Input data -
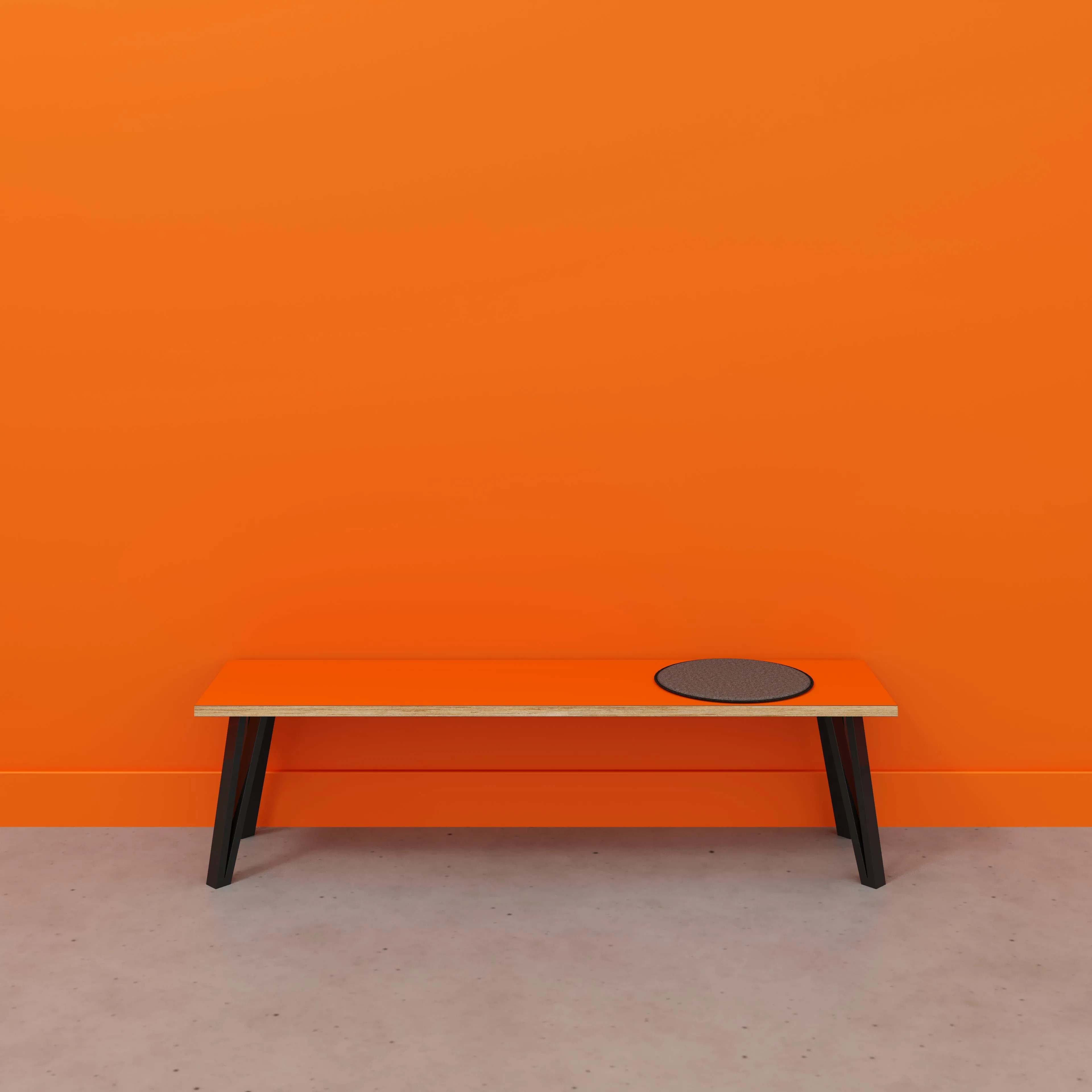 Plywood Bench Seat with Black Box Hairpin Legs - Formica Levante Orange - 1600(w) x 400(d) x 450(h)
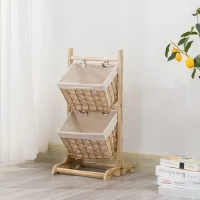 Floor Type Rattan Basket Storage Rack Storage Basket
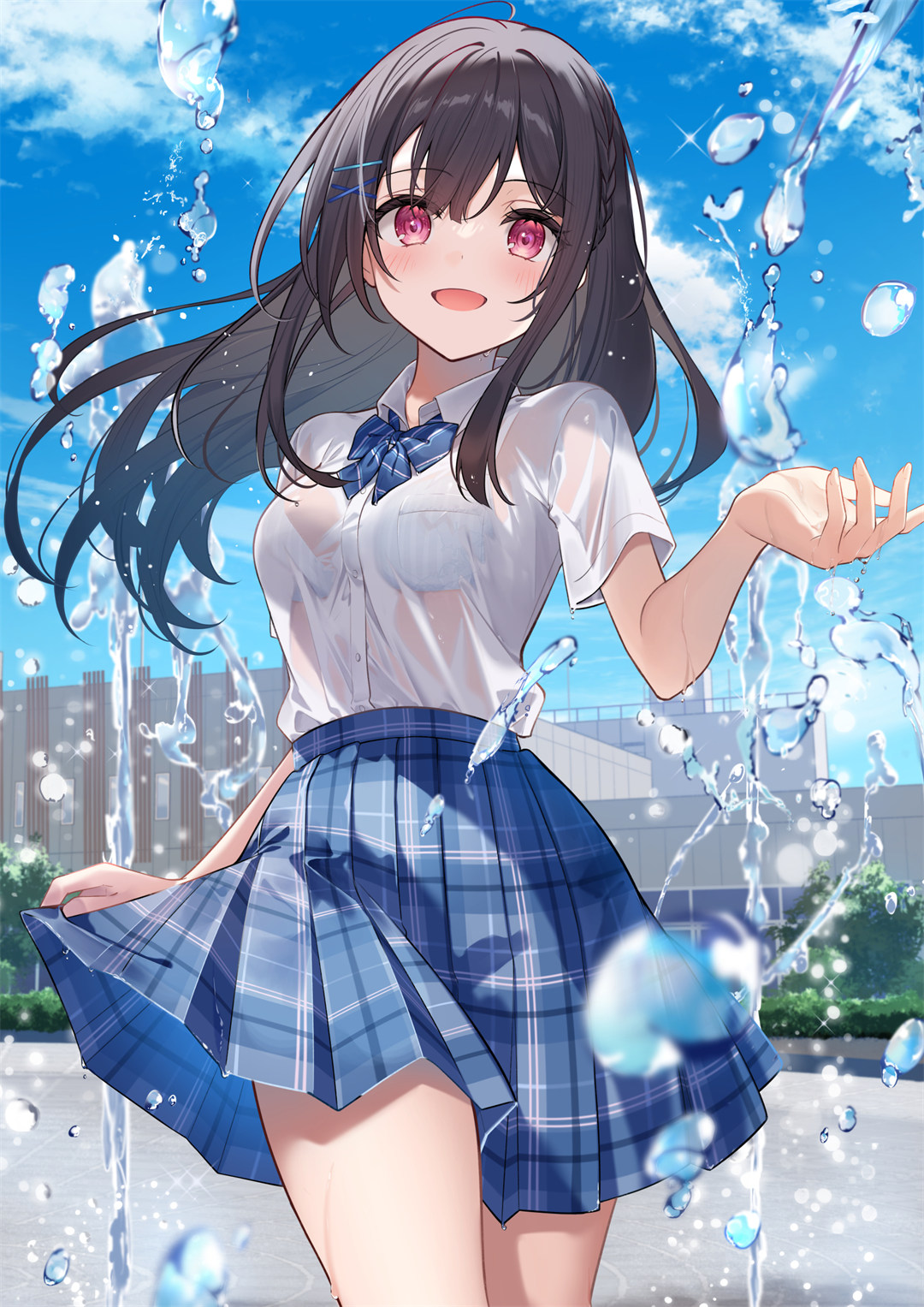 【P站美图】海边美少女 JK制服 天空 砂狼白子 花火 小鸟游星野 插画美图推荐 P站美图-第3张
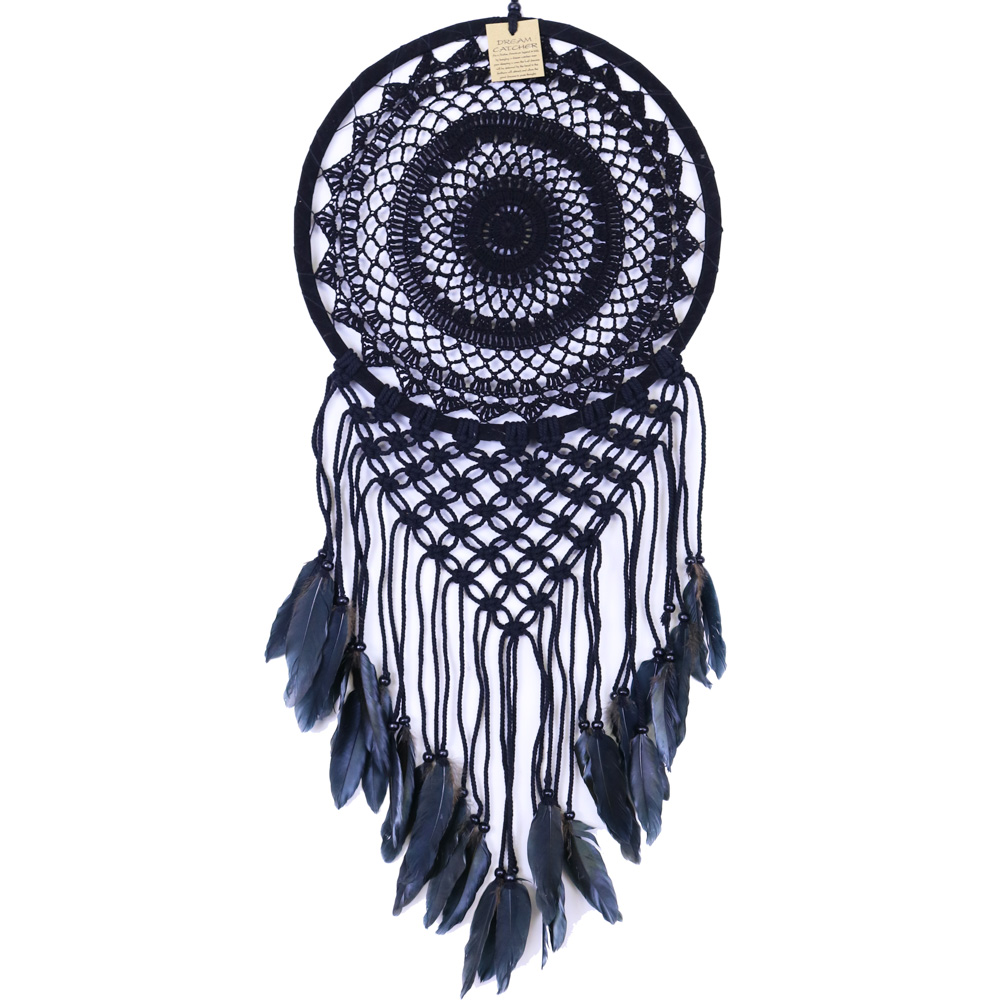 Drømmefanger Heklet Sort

Problem statement - The answer must consist solely of the lines from the line containing "Floor Type Rattan" to the end of the data, reproduced exactly, with every picture left out.

Expected output -
 Floor Type Rattan Basket Storage Rack Storage Basket
 【P站美图】海边美少女 JK制服 天空 砂狼白子 花火 小鸟游星野 插画美图推荐 P站美图-第3张
 Drømmefanger Heklet Sort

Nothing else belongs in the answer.